Apple und Google aktivieren Diebstahlschutz in iOS und Android automatisch. Biometrische Authentifizierung und KI-Erkennung sollen Zugriff Krimineller auf digitale Identitäten verhindern.

Apple und Google schalten im Kampf gegen Handydiebstahl einen Gang höher. Ihre neuesten Betriebssystem-Updates machen erweiterte Sicherheitsfunktionen zur Standardeinstellung – ein Paradigmenwechsel für Millionen Nutzer. Der Diebstahl eines Smartphones ist längst nicht mehr nur ein Verlust der Hardware. Für Kriminelle ist das Gerät der Schlüssel zur digitalen Identität des Opfers, mit Zugriff auf Banking-Apps, Passwörter und private Daten.

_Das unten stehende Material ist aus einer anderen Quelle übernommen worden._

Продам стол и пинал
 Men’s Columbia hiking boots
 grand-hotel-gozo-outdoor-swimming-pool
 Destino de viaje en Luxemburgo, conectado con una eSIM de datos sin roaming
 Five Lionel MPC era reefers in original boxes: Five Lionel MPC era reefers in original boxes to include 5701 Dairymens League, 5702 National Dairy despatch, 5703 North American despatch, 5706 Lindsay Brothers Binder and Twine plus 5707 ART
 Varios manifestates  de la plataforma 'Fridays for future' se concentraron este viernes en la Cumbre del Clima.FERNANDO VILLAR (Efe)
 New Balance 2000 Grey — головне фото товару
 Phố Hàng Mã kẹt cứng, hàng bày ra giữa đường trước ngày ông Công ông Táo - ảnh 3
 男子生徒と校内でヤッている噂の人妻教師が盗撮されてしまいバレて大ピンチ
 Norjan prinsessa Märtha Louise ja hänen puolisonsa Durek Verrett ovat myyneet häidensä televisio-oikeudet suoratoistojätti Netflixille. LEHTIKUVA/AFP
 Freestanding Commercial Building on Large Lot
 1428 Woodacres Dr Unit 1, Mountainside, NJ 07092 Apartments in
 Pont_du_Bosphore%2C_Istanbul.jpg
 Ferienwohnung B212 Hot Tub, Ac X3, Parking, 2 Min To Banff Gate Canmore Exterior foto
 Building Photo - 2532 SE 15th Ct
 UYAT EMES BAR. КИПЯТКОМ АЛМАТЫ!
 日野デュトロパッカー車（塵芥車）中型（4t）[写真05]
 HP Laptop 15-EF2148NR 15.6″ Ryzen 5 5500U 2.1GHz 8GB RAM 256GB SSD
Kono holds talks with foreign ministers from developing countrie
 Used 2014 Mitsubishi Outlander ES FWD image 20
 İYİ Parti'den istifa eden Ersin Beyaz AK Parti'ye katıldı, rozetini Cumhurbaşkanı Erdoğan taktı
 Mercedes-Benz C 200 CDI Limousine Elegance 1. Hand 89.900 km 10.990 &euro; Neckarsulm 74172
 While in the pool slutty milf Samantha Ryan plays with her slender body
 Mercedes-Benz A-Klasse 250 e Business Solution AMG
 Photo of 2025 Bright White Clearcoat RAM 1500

iOS 26.4: Diebstahlschutz wird automatisch aktiv

Mit dem kommenden Update iOS 26.4 macht Apple die Funktion „Schutz für gestohlene Geräte“ zur Voreinstellung. Bisher mussten Nutzer sie manuell aktivieren. Das System setzt auf eine zweistufige Verteidigung:
* Für sensible Aktionen wie den Zugriff auf Passwörter ist zwingend Face ID oder Touch ID nötig. Der einfache Geräte-Passcode reicht nicht mehr.
* Befindet sich das iPhone nicht an einem vertrauten Ort, greift eine ein-stündige Sicherheitsverzögerung vor Änderungen kritischer Einstellungen.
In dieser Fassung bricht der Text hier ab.